O mapa presente no Casarão Domit representa um dos mais bem preservados documentos acerca da disputa pelo território de Palmas. Confeccionado em português e inglês, traz no nome o motivo de sua importância: “Mappa do Brazil Meridional, mostrando a parte do seu território reclamada pela República Argentina”. Lá está em posição de destaque, como cidade fronteiriça das pretensões apresentadas por Zeballos, “União da Victoria”, localizada às margens do rio Jangada, fronteira defendida pelos argentinos. Ao apresentar a área contestada como ‘parte do seu [do Brasil] território reclamado pela República Argentina’, o autor deixou claro seu posicionamento sobre o tema. Ao produzir um documento dotado de grande precisão cartográfica, nos lembra que a história jamais pode ser tomada como uma coleção de processos pré-determinados. Dependeu de um único homem a possibilidade de ouvirmos cotidianamente o idioma espanhol nas ruas de nossas cidades – Grover Cleveland.
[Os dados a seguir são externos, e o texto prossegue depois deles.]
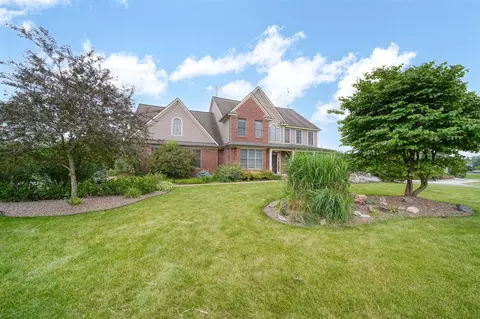 Exterior - 874 Pinecrest, Dexter, MI 48130 photo 2 of 31
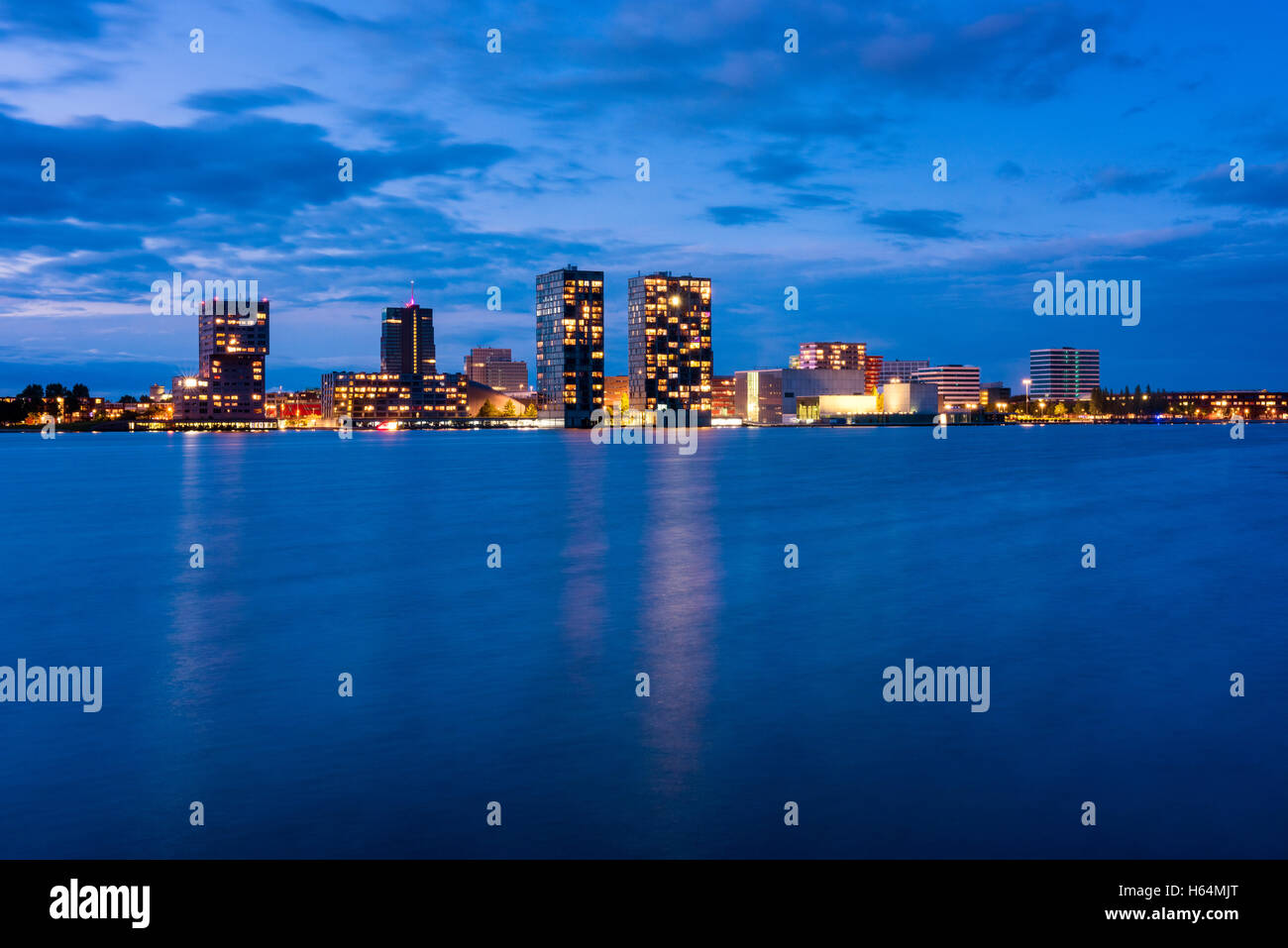 Skyline di Almere Paesi Bassi al crepuscolo Foto Stock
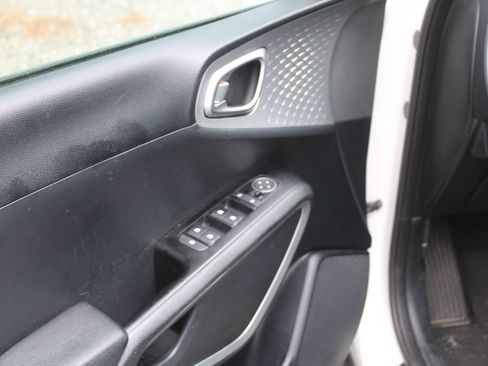 Certified 2024 Kia Soul LX w/ Option Group 015 FWD image 18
E foi em função do excepcional trabalho realizado por outro homem que isso não aconteceu e que, hoje, os limites do território brasileiro se encontram nos arredores de Foz do Iguaçu ao invés de aqui – José Maria da Silva Paranhos Júnior.
O que remete uma vez mais à extraordinária riqueza histórica dessa região. Que dizer do terreno onde se encontra o marco da divisa na colônia Jangada, em Porto União? Neste lugar é possível encontrar um monumento de primeira grandeza que marca a existência de uma fronteira interestadual criada após uma guerra responsável por milhares de mortes, fato único em todo o país. Ao lado do marco, o visitante pode no mesmo olhar desfrutar da vista do belo rio Jangada e saber que há apenas pouco mais de um século ficou definido que a margem oposta não pertenceria a um país estrangeiro. Pode refletir que o marco que hoje jaz, uma vez mais, abandonado bem poderia estar marcando uma fronteira internacional. E que o fato de estar abandonado – como, de resto, todo o terreno – bem mostra o quanto ainda precisamos avançar enquanto sociedade na compreensão e valorização de nossa própria trajetória. Trata-se de um dos meus lugares favoritos. Um pedaço de chão cuja beleza apenas rivaliza, como tão bem me ensinou o mapa preservado pelo amigo Roberto Domit, com sua importância histórica para o processo de definição territorial dos dois principais Estados nacionais da América do Sul.